Headline PCE inflation for February came in at 6.4 percent on a 12-month basis. Food and energy account for an outsized one-fourth share of this high level of inflation and also constitute an outsized share of expenditure for lower-income Americans, who spend 26 percent of their income on food at home and transportation, compared with 9 percent for high-income Americans.17
Core inflation is also elevated, and inflationary pressures have been broadening out. Housing contributed about one-tenth of total PCE inflation in February and is the single greatest category of expenditures by far for lower-income Americans, who spend 45 percent of their income on housing, compared to 18 percent for high-income Americans.18 Durable goods inflation, particularly in autos, accounted for slightly more than one-fifth of total PCE inflation in February, representing a much greater contribution to inflation than was the case pre-pandemic. High durable goods inflation reflects pandemic-related supply constraints as well as persistently elevated demand associated with the pandemic. I will be carefully monitoring the extent to which demand rotates back to services and away from durable goods, where it has remained consistently above pre-pandemic levels, and the extent to which the services sector is able to absorb higher demand without generating undue inflationary pressure.
Russia’s invasion of Ukraine is a human tragedy and a seismic geopolitical event. The global commodity supply shock associated with Russia’s actions skews inflation risks to the upside and is expected to exacerbate high prices for gasoline and food as well as supply chain bottlenecks in goods sectors. The recent COVID lockdowns in China are also likely to extend bottlenecks.

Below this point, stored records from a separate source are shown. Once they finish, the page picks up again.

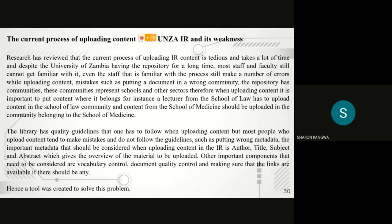After conducting an interview with the publishing team at the University of Zambia, it was noted that the current process of uploading content at UNZA IR is tedious, hence it takes a long time for them to upload content. Otherwise, the library has quality guidelines that one has to follow in uploading content. Most people tend to make mistakes, no wonder they take a long time when uploading content.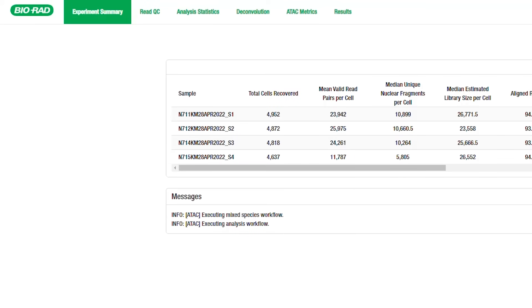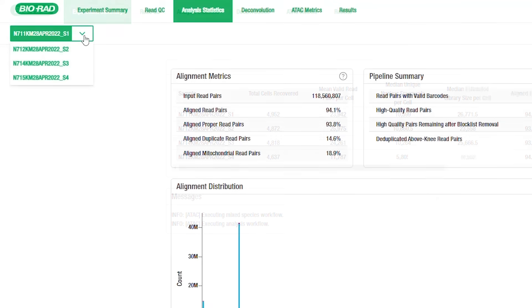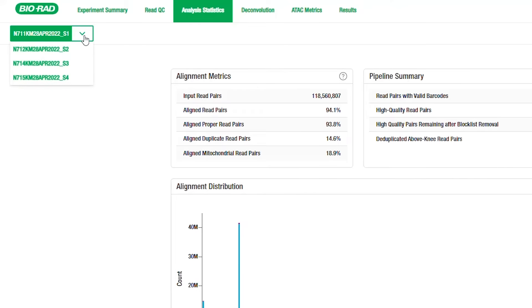At the top of the report are six tabs: experimental summary, read QC, analysis statistics, deconvolution, ATAC metrics, and results. On the left-hand side is a drop-down menu you can use to switch between different samples if multiple samples were processed together through the analysis workflow. If you are not sure about what a metric means in each table or graph, hover your cursor over the question mark on the right-hand side for more information.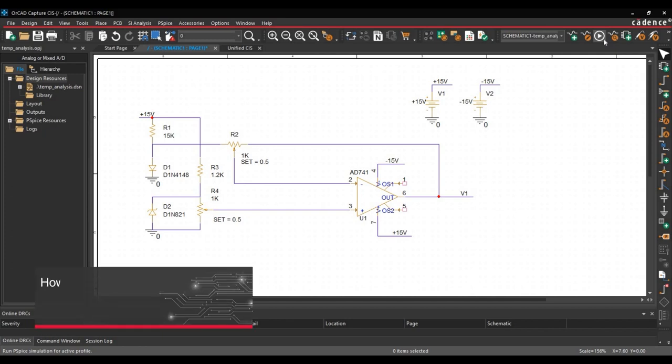This is PSPICE simulation tutorial series. In this video, we will learn how to do temperature analysis for a simple thermostat circuit. So let's get started.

These geopolitical events also pose downside risks to growth. That said, the U.S. economy entered this period of uncertainty with considerable momentum in demand and a strong labor market. As of the March labor report, payroll employment has increased at a pace of 600,000 jobs per month over the past six months, and the unemployment rate has fallen by a percentage point over that period and is now close to its pre-pandemic level. In contrast, until recently, the recovery in labor force participation was lagging far behind. So it is particularly noteworthy to see that the pandemic constraints on labor supply are diminishing for the prime-age workforce: The prime-age participation rate jumped 0.7 percentage points for women in March, following a similar-sized jump for men in February. An increase in labor supply associated with diminishing pandemic constraints combined with a moderation in demand associated with tightening financial conditions, slowing foreign growth, and a large decrease in fiscal support could be expected to reduce imbalances later in the year.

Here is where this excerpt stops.